Work item: Write out all the entries word for word, but skip any images.

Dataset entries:
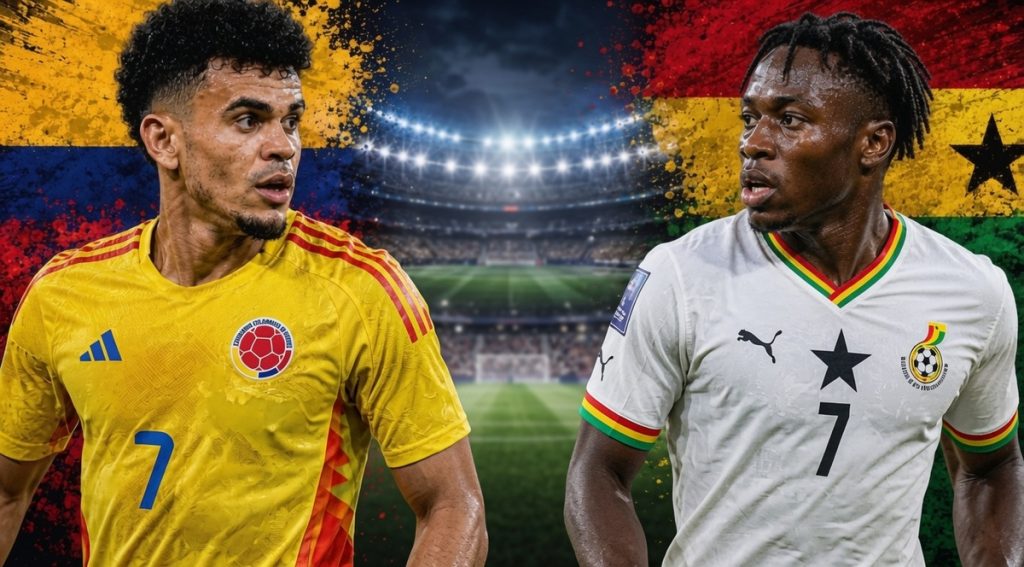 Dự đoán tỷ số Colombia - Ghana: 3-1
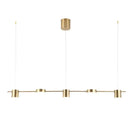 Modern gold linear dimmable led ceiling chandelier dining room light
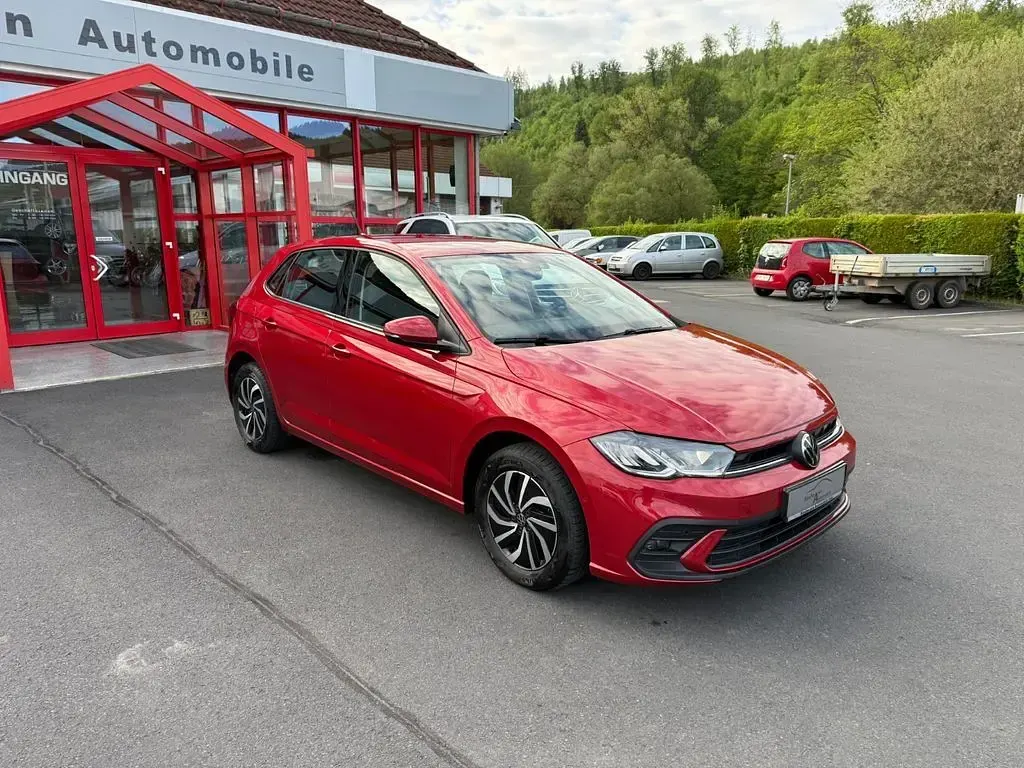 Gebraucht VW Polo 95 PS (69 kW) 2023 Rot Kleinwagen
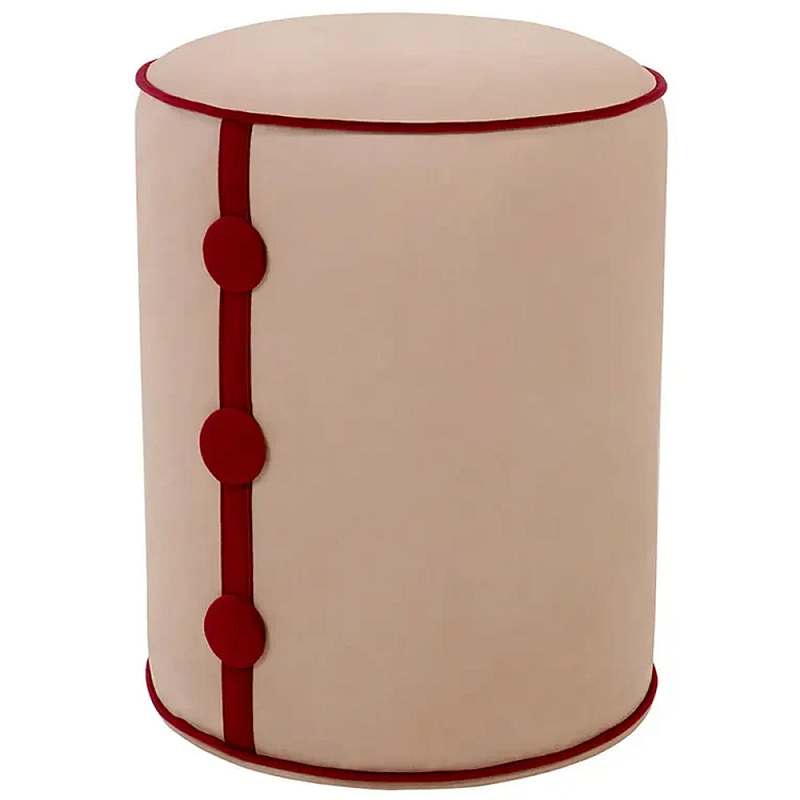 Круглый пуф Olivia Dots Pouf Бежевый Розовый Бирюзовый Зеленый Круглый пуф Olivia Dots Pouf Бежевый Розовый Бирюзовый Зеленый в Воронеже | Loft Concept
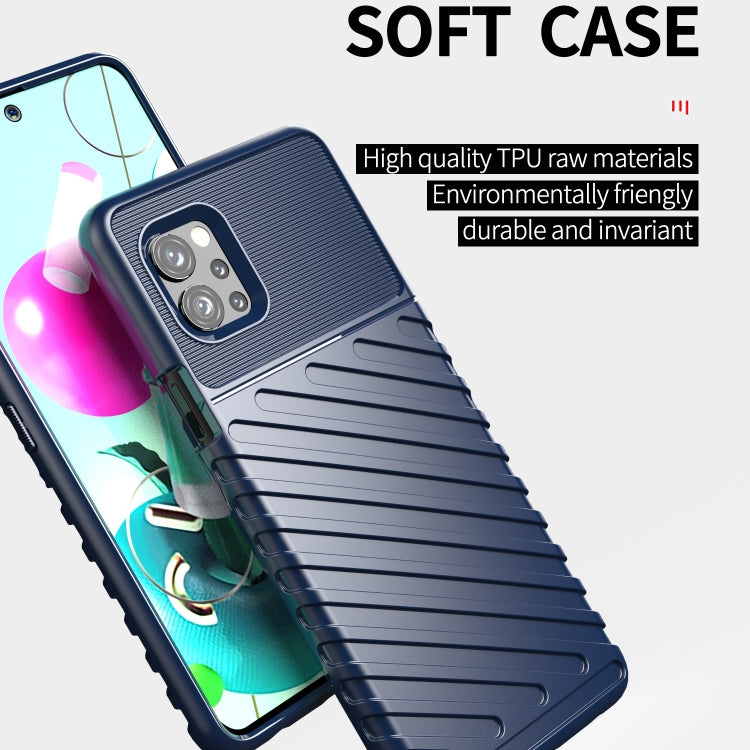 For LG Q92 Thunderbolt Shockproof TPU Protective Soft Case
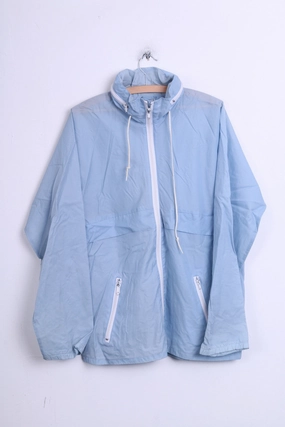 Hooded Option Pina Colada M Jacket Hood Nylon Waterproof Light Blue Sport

Task solution:
 Dự đoán tỷ số Colombia - Ghana: 3-1
 Modern gold linear dimmable led ceiling chandelier dining room light
 Gebraucht VW Polo 95 PS (69 kW) 2023 Rot Kleinwagen
 Круглый пуф Olivia Dots Pouf Бежевый Розовый Бирюзовый Зеленый Круглый пуф Olivia Dots Pouf Бежевый Розовый Бирюзовый Зеленый в Воронеже | Loft Concept
 For LG Q92 Thunderbolt Shockproof TPU Protective Soft Case
 Hooded Option Pina Colada M Jacket Hood Nylon Waterproof Light Blue Sport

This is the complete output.